BEGIN EXCERPTED DATA

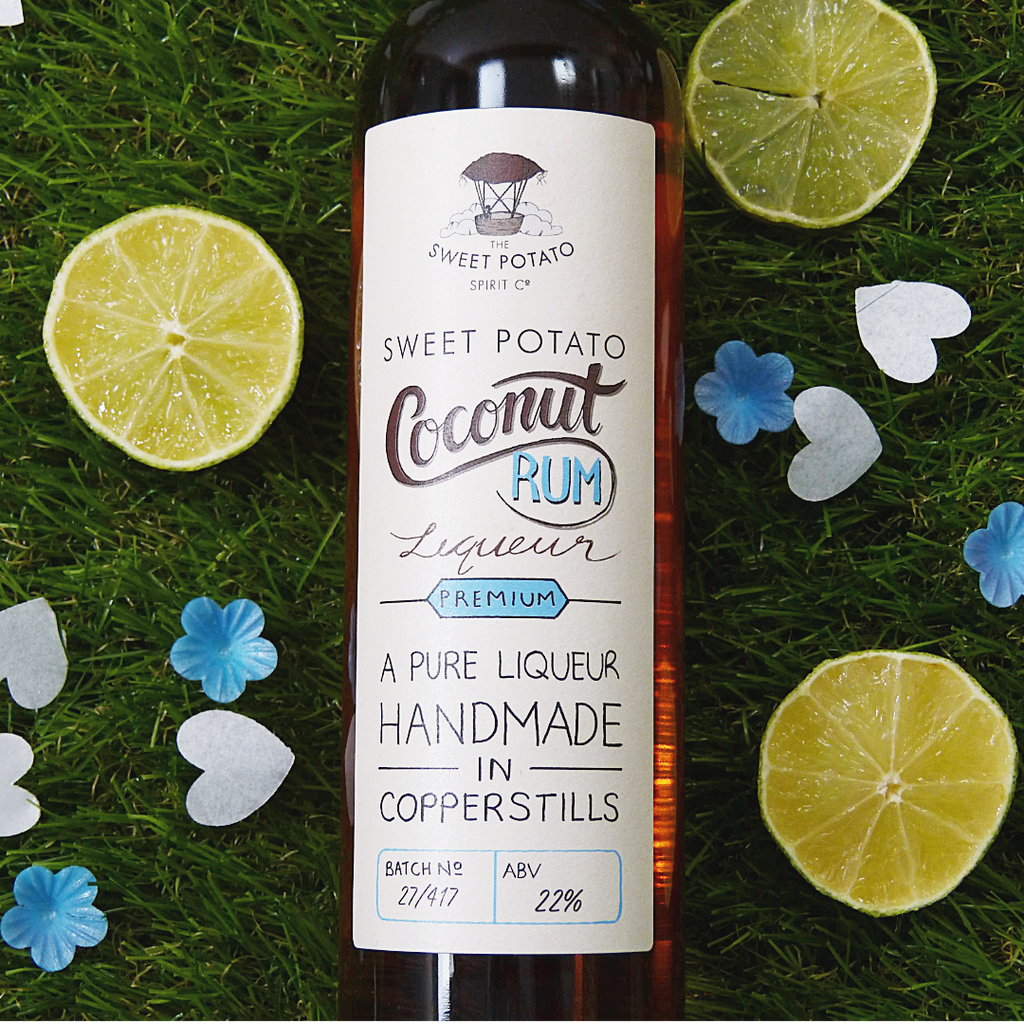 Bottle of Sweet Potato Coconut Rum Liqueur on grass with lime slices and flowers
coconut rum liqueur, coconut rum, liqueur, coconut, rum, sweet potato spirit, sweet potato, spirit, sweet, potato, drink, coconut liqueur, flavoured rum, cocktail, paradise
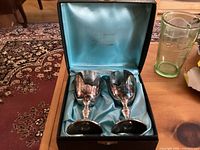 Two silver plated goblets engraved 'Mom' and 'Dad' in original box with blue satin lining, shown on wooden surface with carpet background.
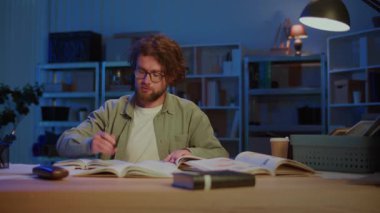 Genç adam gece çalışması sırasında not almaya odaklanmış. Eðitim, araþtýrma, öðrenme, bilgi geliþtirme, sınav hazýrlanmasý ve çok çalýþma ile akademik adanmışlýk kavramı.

END EXCERPTED DATA
BEGIN EXCERPTED DATA

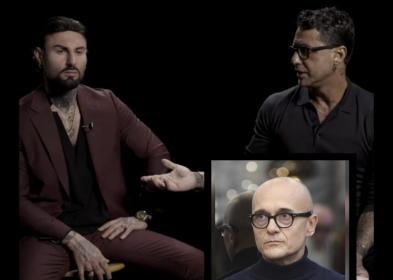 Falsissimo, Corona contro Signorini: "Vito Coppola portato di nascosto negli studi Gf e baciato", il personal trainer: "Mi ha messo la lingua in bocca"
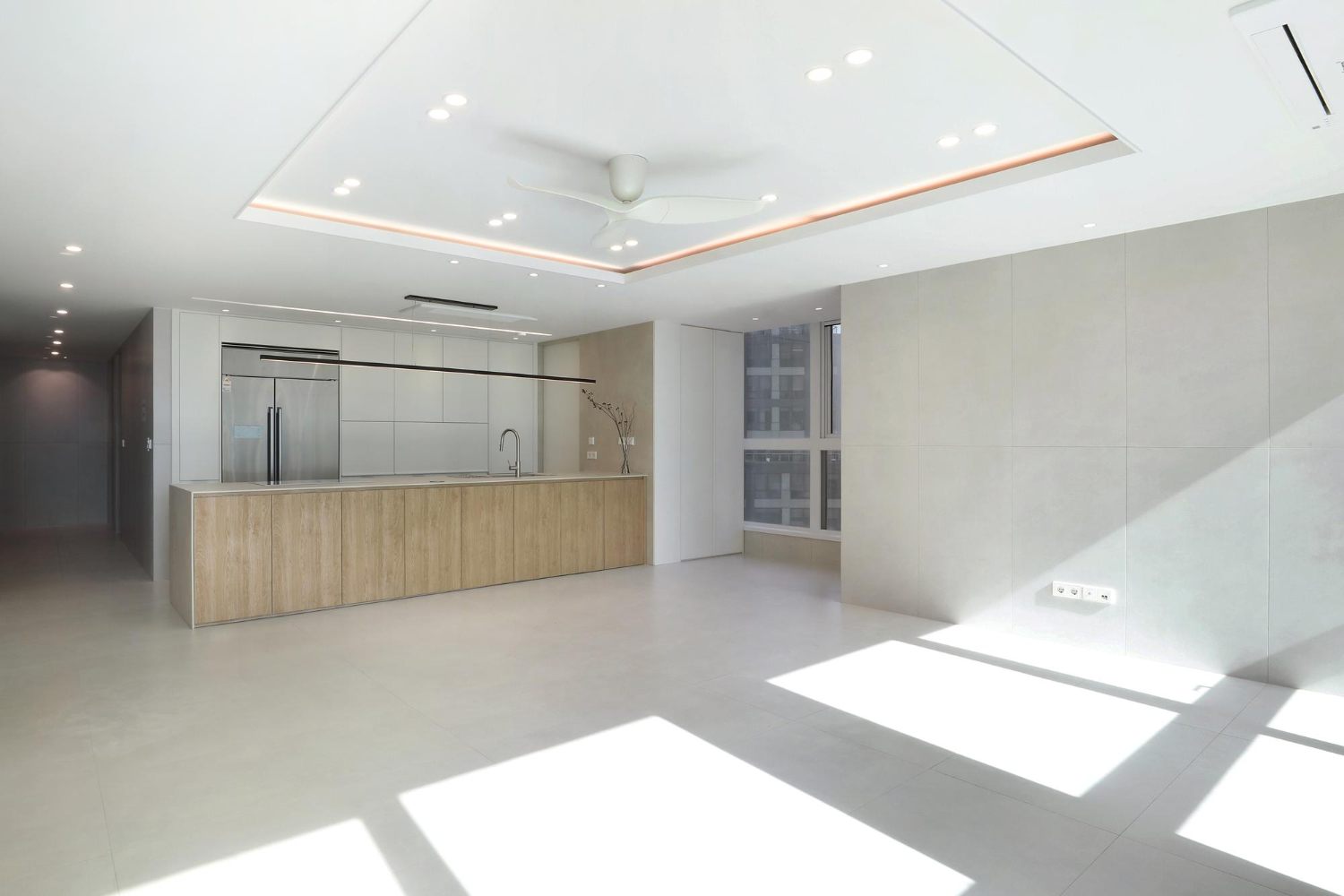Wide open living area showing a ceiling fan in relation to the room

END EXCERPTED DATA

▸ **WORK ORDER**
From the records above, give again only the part that opens with the line containing "Bottle of Sweet" and closes with the line containing "Genç adam gece". Keep both ends but drop the pictures.

▸ **ANSWER**
 Bottle of Sweet Potato Coconut Rum Liqueur on grass with lime slices and flowers
coconut rum liqueur, coconut rum, liqueur, coconut, rum, sweet potato spirit, sweet potato, spirit, sweet, potato, drink, coconut liqueur, flavoured rum, cocktail, paradise
 Two silver plated goblets engraved 'Mom' and 'Dad' in original box with blue satin lining, shown on wooden surface with carpet background.
 Genç adam gece çalışması sırasında not almaya odaklanmış. Eðitim, araþtýrma, öðrenme, bilgi geliþtirme, sınav hazýrlanmasý ve çok çalýþma ile akademik adanmışlýk kavramı.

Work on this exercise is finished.